India dismantled a state aviation monopoly as part of a series of radical economic reforms in 1991, opening its air travel sector to more than a dozen private airlines.
But analysts say most airways -- weighed down by crippling fuel and maintenance costs, low passenger fares and occupancy rates, and government laws that force them to fly to remote, unprofitable regions -- are foundering.
"Every single private Indian airline has problems," said a senior European airline official in Delhi.
"To run an airline is not so simple. Everything must be imported from abroad. We're talking of every little spare part here. Then fuel prices are a big dent on the finances.
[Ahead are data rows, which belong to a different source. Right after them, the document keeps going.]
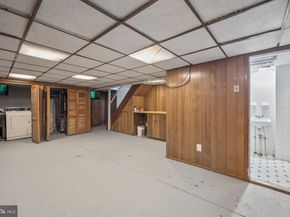 908 Fanshawe Street, Philadelphia PA 19111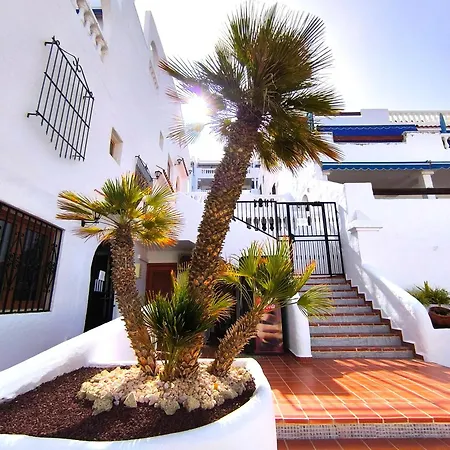 Daire Sunlit Isle - Heated Pool, Fibre Net, Cristianos *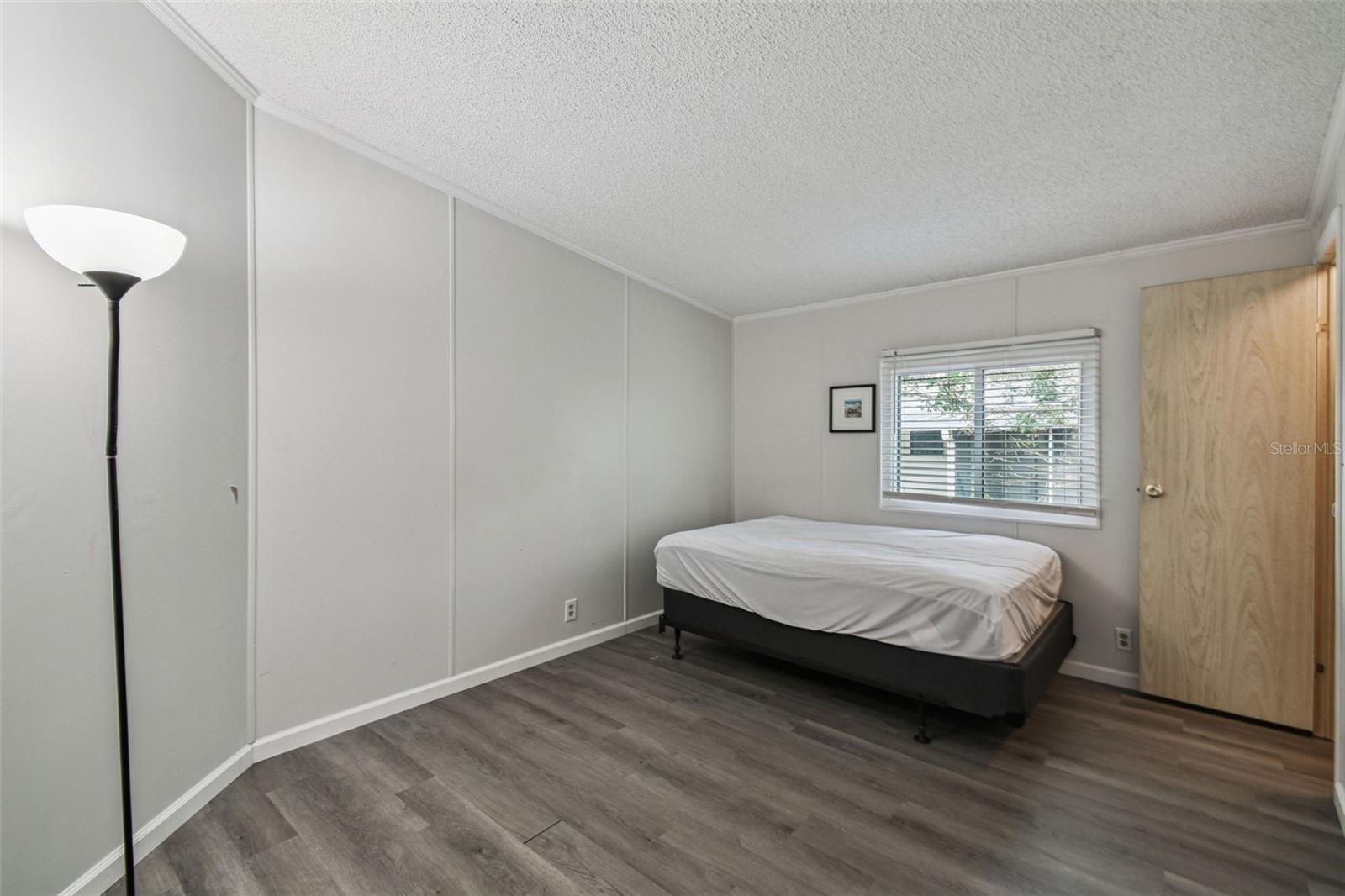 Image 17 of 32 For 711 Polo Park Boulevard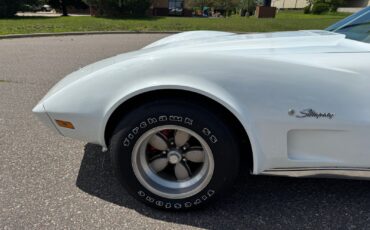 Chevrolet-Corvette-1974-Coupe-10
Most of these companies have very limited resources."
Lufthansa's Indian alliance, operational within three months of the ink drying on the agreement, was one of the most promising new aviation ventures when reforms began.
But analysts say signs of a souring relationship soon emerged, as Lufthansa posted executives to India, then quickly withdrew them and declined to take an equity share in Modiluft.
Modiluft is currently India's second largest privately owned airline, with a fleet of seven leased aircraft that fly 38 domestic flights daily.
Modi said he expected the company's net profit in the 1995/96 financial year ending on May 31 to surge to at least 250 million rupees, more than four times the 1994/95 net profit of 56.8 million rupees.
Turnover was expected almost to double to at least three billion rupees from 1.5 billion in 1994/95, he said.
Bhardwaj, who is associated with aircraft makers Boeing and Lockheed Martin Corp's consultants in India, said most airways would cave in under the pressure of payments for leased aircraft.
"There is no quick money in airlines," he said. "The cash flows involved are very large and the profits are very low. You need a 70 to 80 percent occupancy rate to break even. That does not happen."